Adam Reynolds, chairman of Walk Ride Bath, has written to the newspaper in response pointing out that according to the National Police Chiefs’ Council guidance, "considerate" cyclists can in fact ride on the pavement.
“Chief police officers, who are responsible for enforcement, acknowledge that many cyclists, particularly children and young people, are afraid to cycle on the road, so sensitivity and careful use of police discretion is required'."

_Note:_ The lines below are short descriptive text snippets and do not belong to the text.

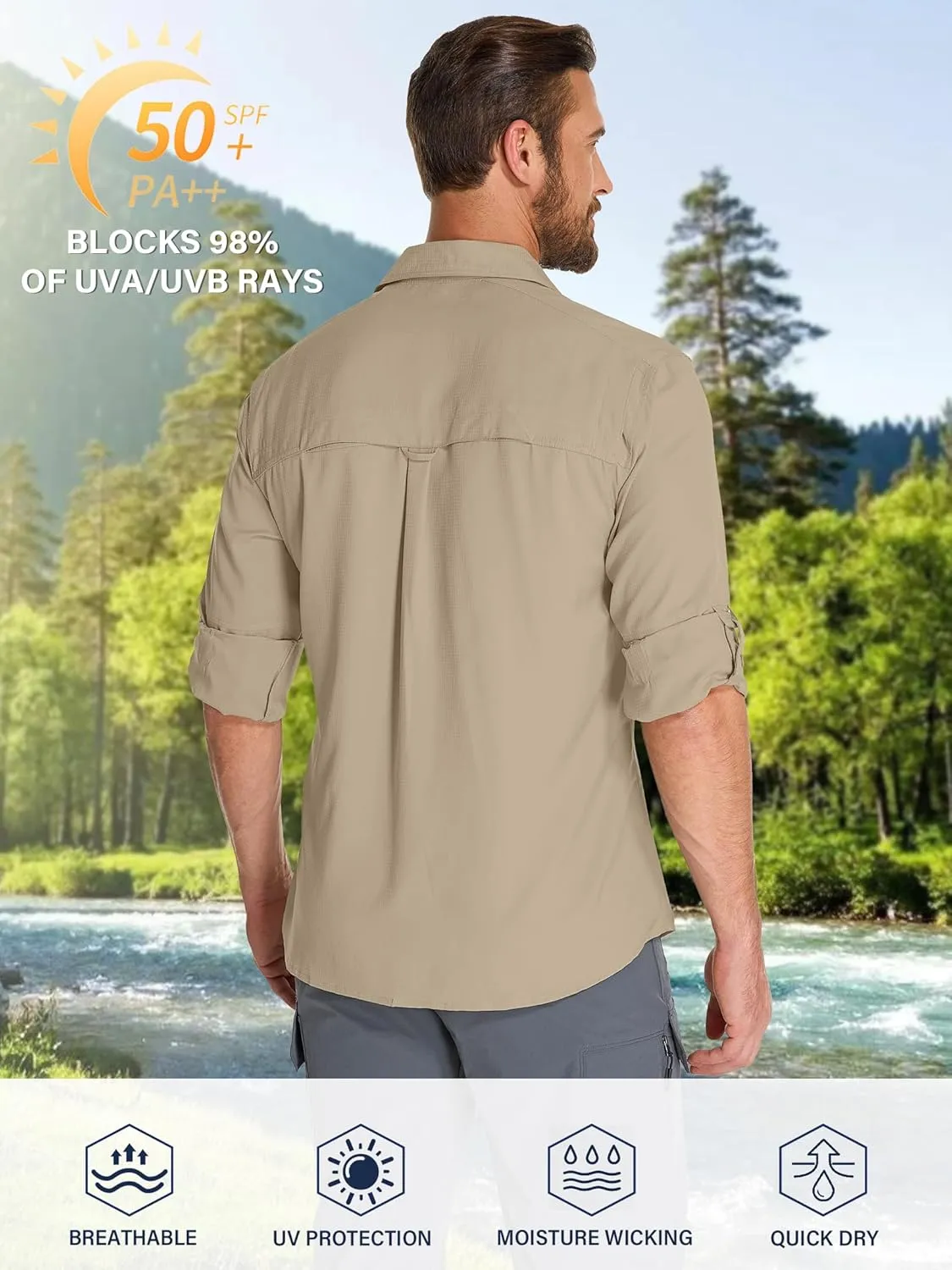 Fishing Shirts for Men, Sun Protection Long Sleeve Hiking Outdoor UV Shirt Quick Dry UPF 50  for Travel Safari Camping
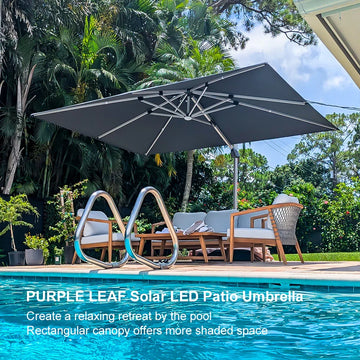 10-foot wide rectangular offset patio umbrella with solar lights Light Bulb Tilt 10x6.5ft 6-Rib x 10 ft HOMSHADE 10FT Solar LED Cantilever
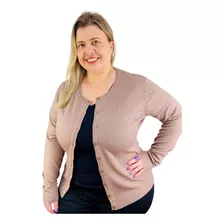 Cardigan Feminino Aberto Trico Suéter - Plus Size G1 G2 G3 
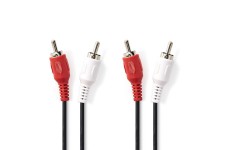 Stereo-Audiokabel | 2x RCA Male | 2x RCA Male | Vernikkeld | 5.00 m | Rond | Zwart | Doos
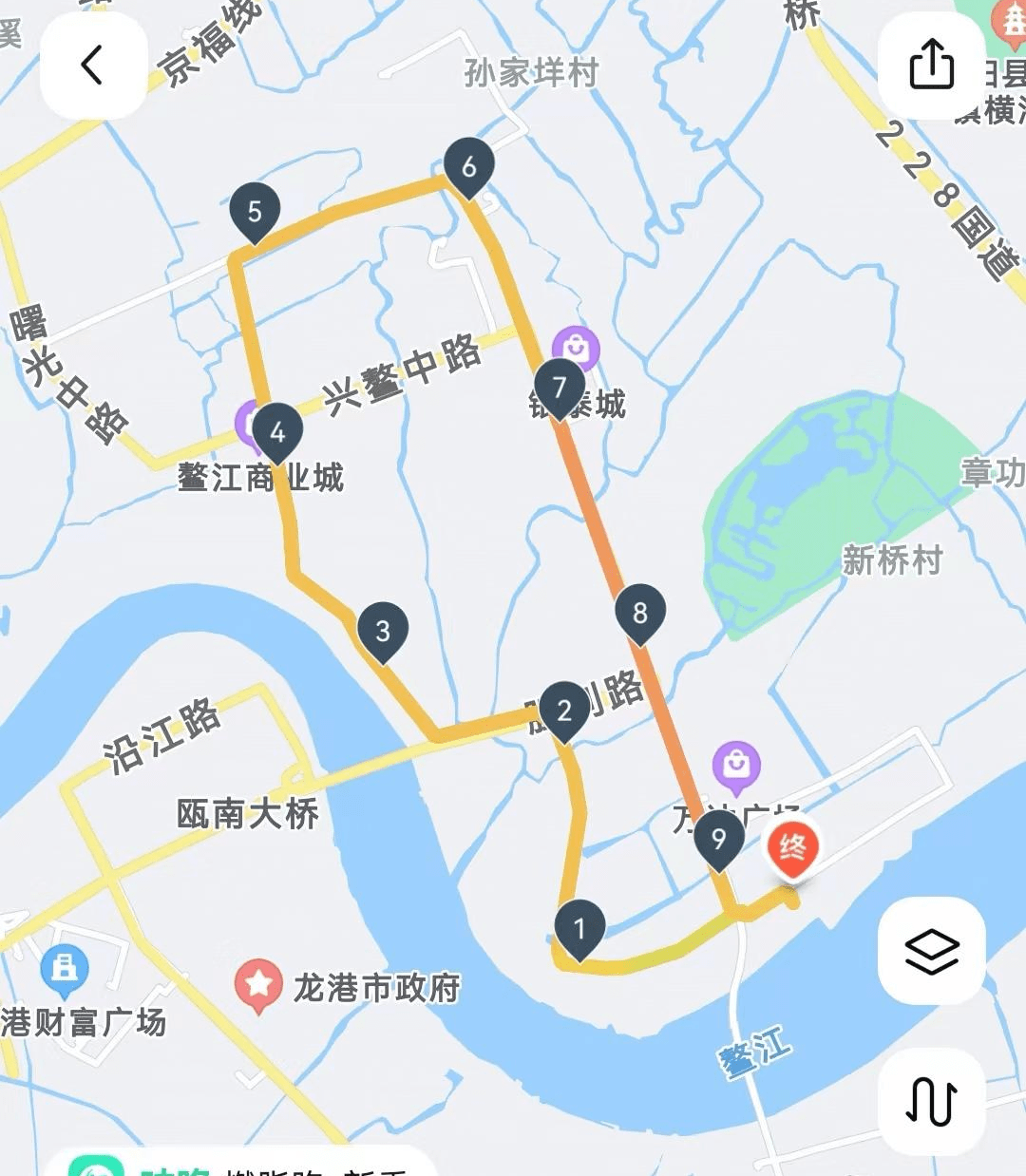 鳌江公园)→园林路→车站大道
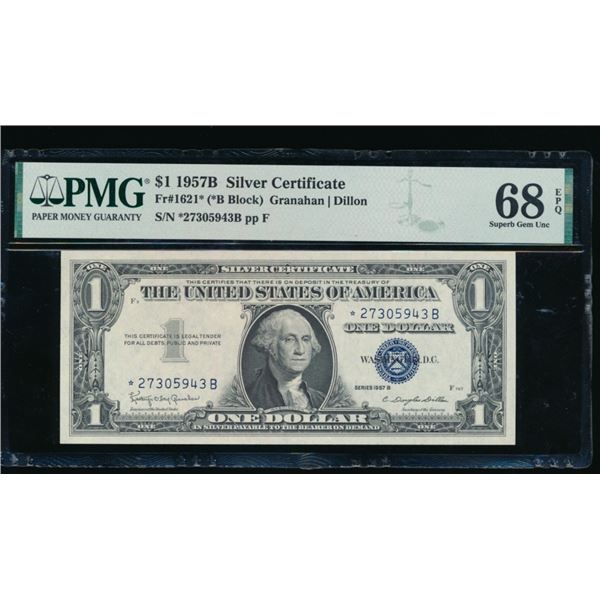 1957B $1 STAR Silver Cert PMG 68EPQ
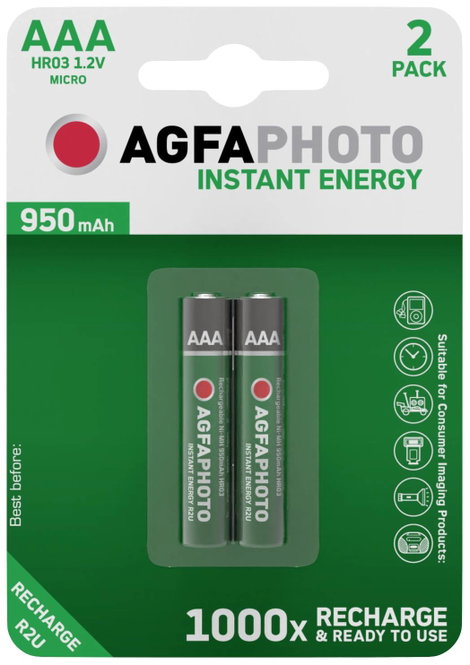 Mikroceruza akku AAA NiMH, 1,2V 950 mAh, 2 db, AgfaPhoto HR3, HR03, UO100557, DC2400, DC2400B4N, LR0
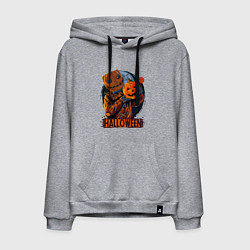 Толстовка-худи хлопковая мужская Хэллоуин пугало, цвет: меланж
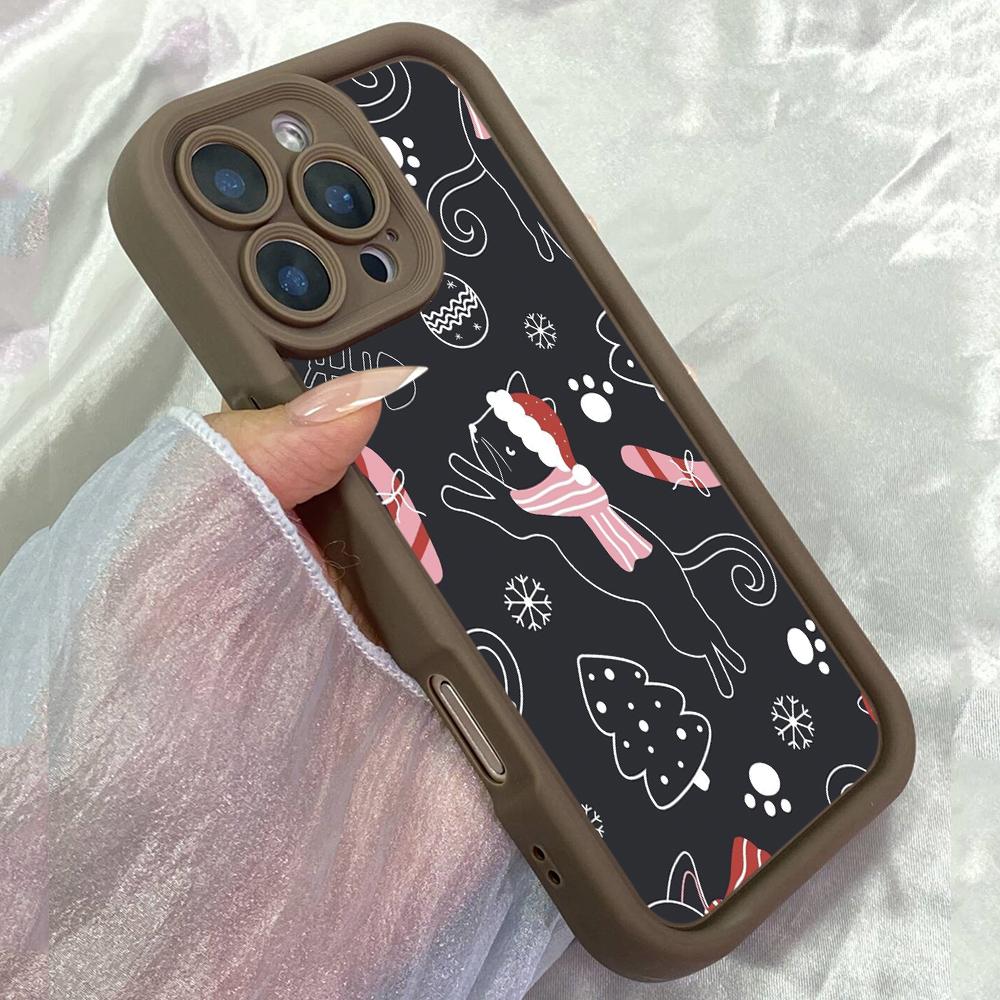 JT137 Рождественские кошки Животные Милый для iPhone 17 16 15 14 Pro Max Samsung S26 S25 Ultra A17 A16 A07 A56 Xiaomi 15T Redmi 15c 14c Note 14 Мягкий ТПУ Чехол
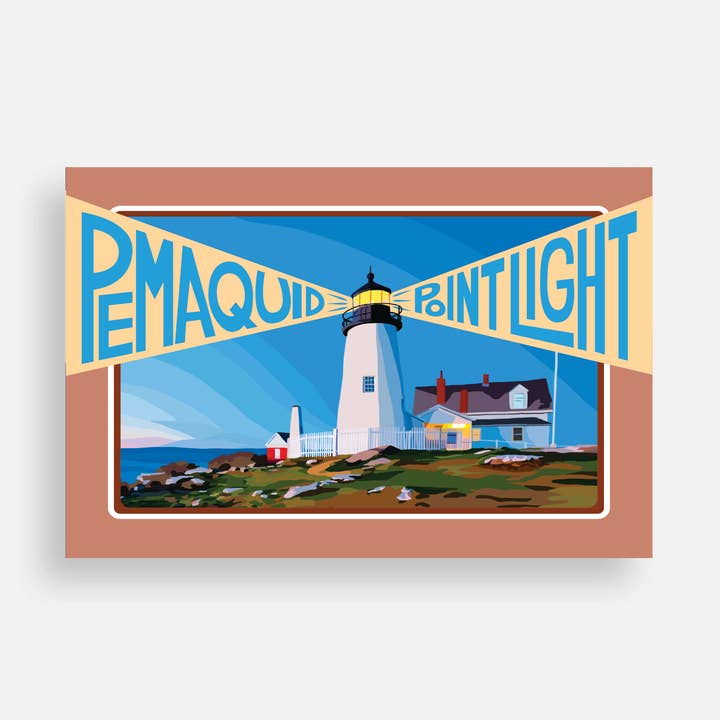 Pemaquid Point Light Postcard for wholesale by Abby Clark Creative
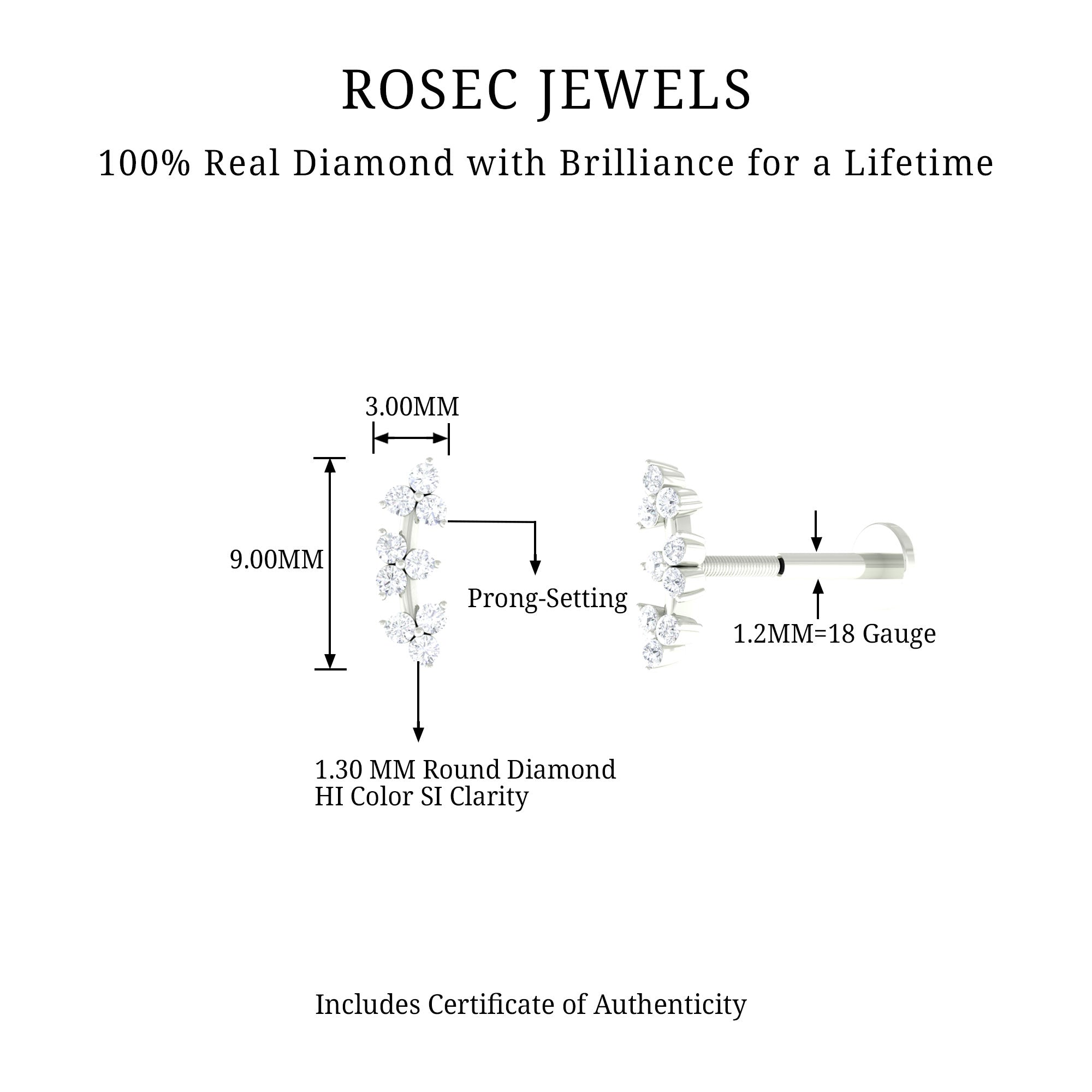 Simple Diamond Curved Helix Earring with Flat Back Lab - ( EF-VS ) - Rosec Jewels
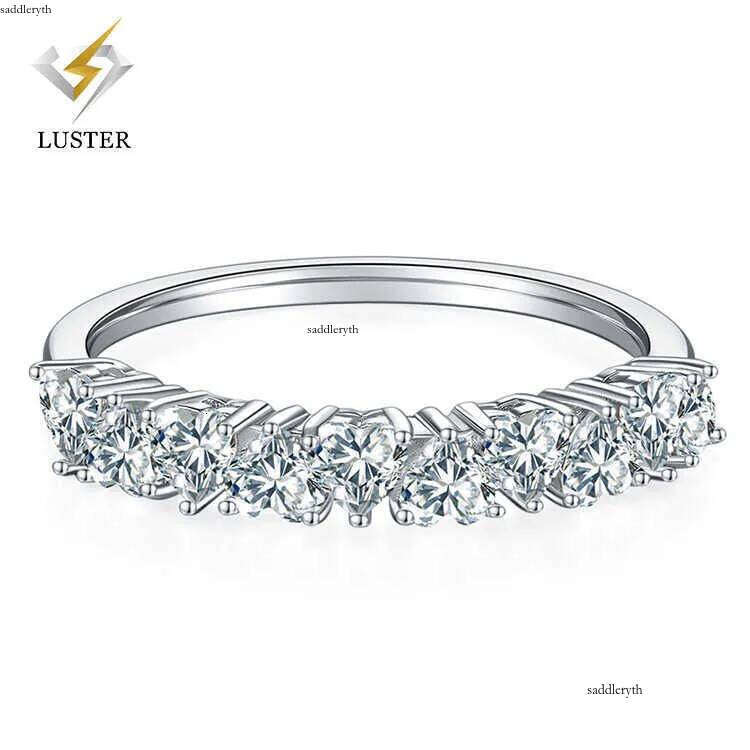 Shiny Jewelry D VVS1 Heart Brilliant Cut Dia Band Wedding Moissanite Sier Ring 73 86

He added: "This police discretion is applied across multiple aspects of road use, for example, breaking the speed limit is illegal, but by discretion, a fine with points is not issued until a certain level of speeding has occurred, not when you exceed the speed limit by 1 mile.
"Considerate cycling on pavements is similarly allowed through the discretion of the police.”
He continued: "It is with some concern that Bath Chronicle’s Richard Mills felt the need to follow Julie Trollope’s letter by writing two articles on her behaviour while she was ‘papped’ by a photographer, showing her getting in the face of people cycling on pavements during a strict lockdown where 2m social distancing should be adhered to.”
He finished by pointing out that despite the apparent emptiness of the roads, there were still very obvious dangers.
"A final point that needs to be made, that despite how empty the roads may appear, all this has done is make drivers more reckless with some areas of the country reporting an 8 fold increase in speeding.
"In fact the number of cyclists that have died on our roads involving collisions with drivers is 12 during lockdown, when it was only 6 for the same period last year."